Cette possibilité est garantie tant pour les personnes mariées que pacsées mais également pour les concubins.

  • Celui qui profite seul de l’immeuble commun est, par principe, redevable d’un loyer

Une grosse frustration apparait en cas de séparation, notamment chez celui qui a pris la décision de partir pour ne pas envenimer la situation du couple.

Ce dernier a, en effet, le sentiment que l’autre profite ainsi de l’immeuble dont il n’est pourtant propriétaire qu’à 50 %, sans avoir à en supporter les conséquences financières.

C’est compréhensible puisque celui qui est parti doit, pour pouvoir se reloger, prévoir de débourser le montant d’un loyer, parfois même en plus de la moitié du prêt immobilier relatif au logement qu’il n’occupe plus.

Survient ainsi parfois la tentation de « revenir » au domicile conjugal puisque, après tout « je suis encore chez moi ! » avec parfois des comportements plus ou moins malheureux.

Je confirme donc le fait que ce n’est pas parce que vous avez décidé, pour des questions d’apaisement, de quitter l’immeuble que vous avez acheté avec votre conjoint, que vous n’en êtes plus propriétaire.

Certes, vous pouvez y retourner, quand bon vous semble, y compris en faisant sauter la serrure qui aurait été changée entre temps et ce sans que l’on ne vous accuse d’effraction.

Mais vous devez surtout savoir que celui qui reste seul dans l’immeuble sera, dès votre départ, redevable à votre égard d’une somme mensuelle correspondant à un demi-loyer dans la mesure où suite à votre départ, il va profiter seul d’un immeuble dont il ne possède que la moitié.

La condition est évidemment qu’il soit seul dans l’immeuble et ce de manière continue.

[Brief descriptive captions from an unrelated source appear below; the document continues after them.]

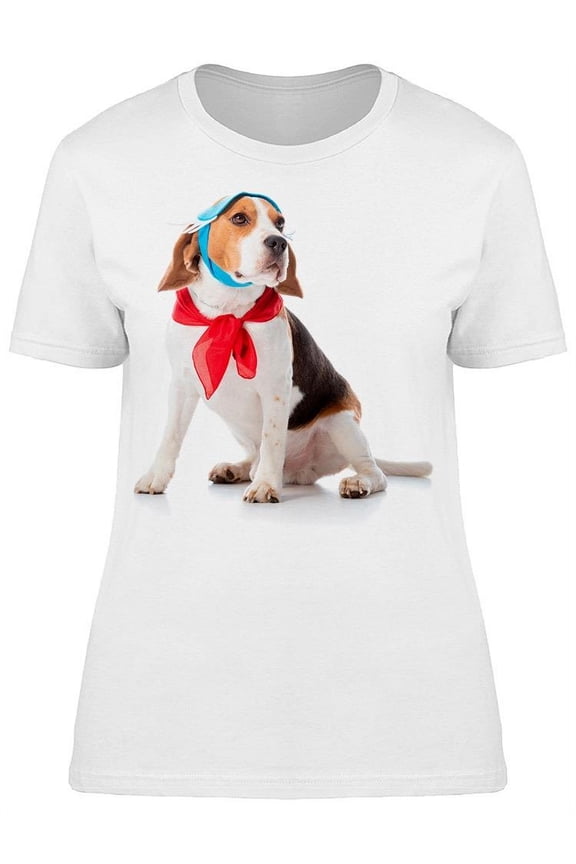 Beagle Dog With Mask And Bandana T-Shirt Women -Image by Shutterstock, Female x-Large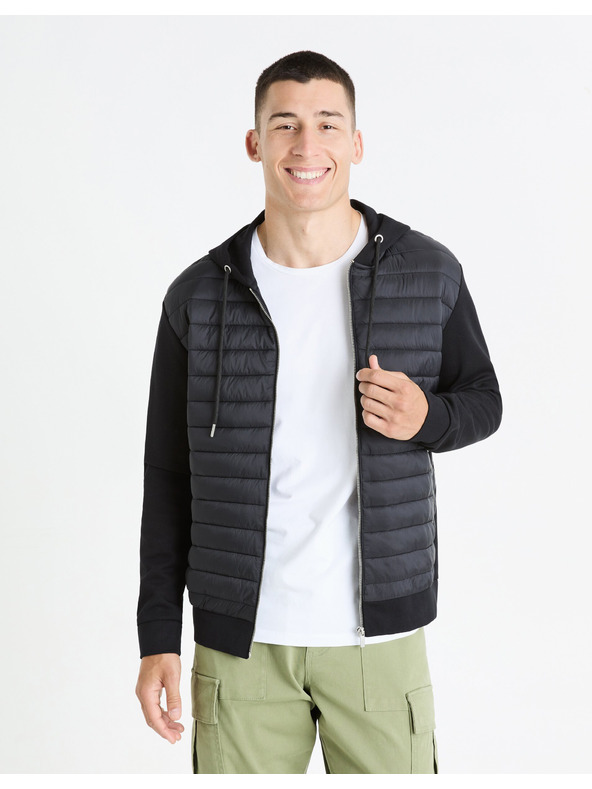Celio Černá pánská prošívaná bunda Celio Fequilted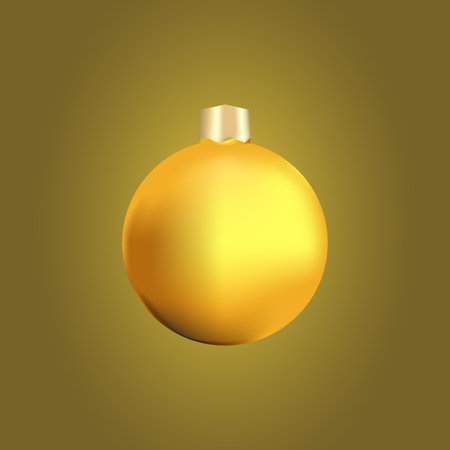 golden christmas tree ball isolated 3d illustrationの写真素材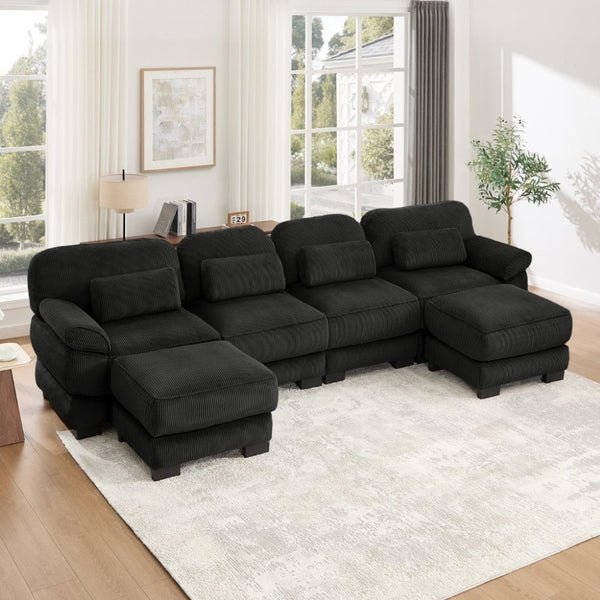 English Elm Cloud Modular U-Shaped Sectional with Ottomans Corduroy Upholstery for Living Room Black W714S02027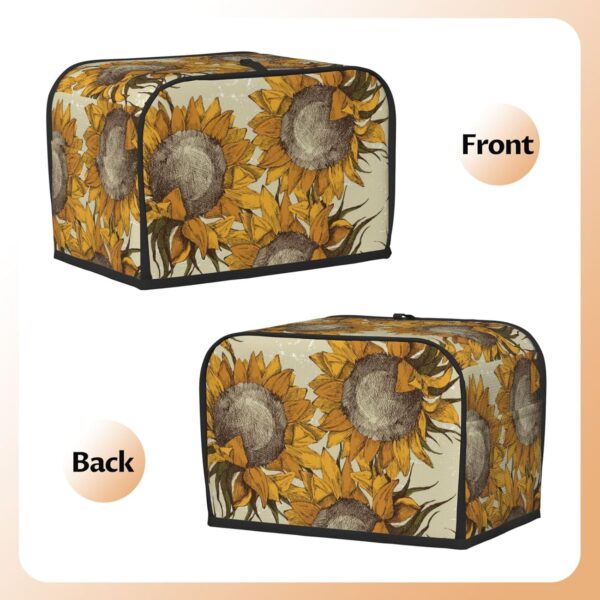 2 Slice Toaster Covers Dust Protection Bread Maker Covers Toaster Cover Kitchen Accessories Washable Appliance Cover Sunflower Abstract Floral Print - Image 3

Si vous y revenez régulièrement, ce n’est donc plus le cas.

Et cette somme sera due tant qu’il y restera et jusqu’à ce que l’immeuble soit partagé.

Attention, ce que j’évoque là est une version résumée et simplifiée de ce que permet la loi, il faut vous faire expliquer les subtilités juridiques de ce mécanisme par un avocat.

 

Partir ou rester, c’est une question délicate qui mérite que vous vous y penchiez quelques instants avec l’aide d’un avocat, car très souvent, la réponse que vous choisirez conditionnera la suite des évènements.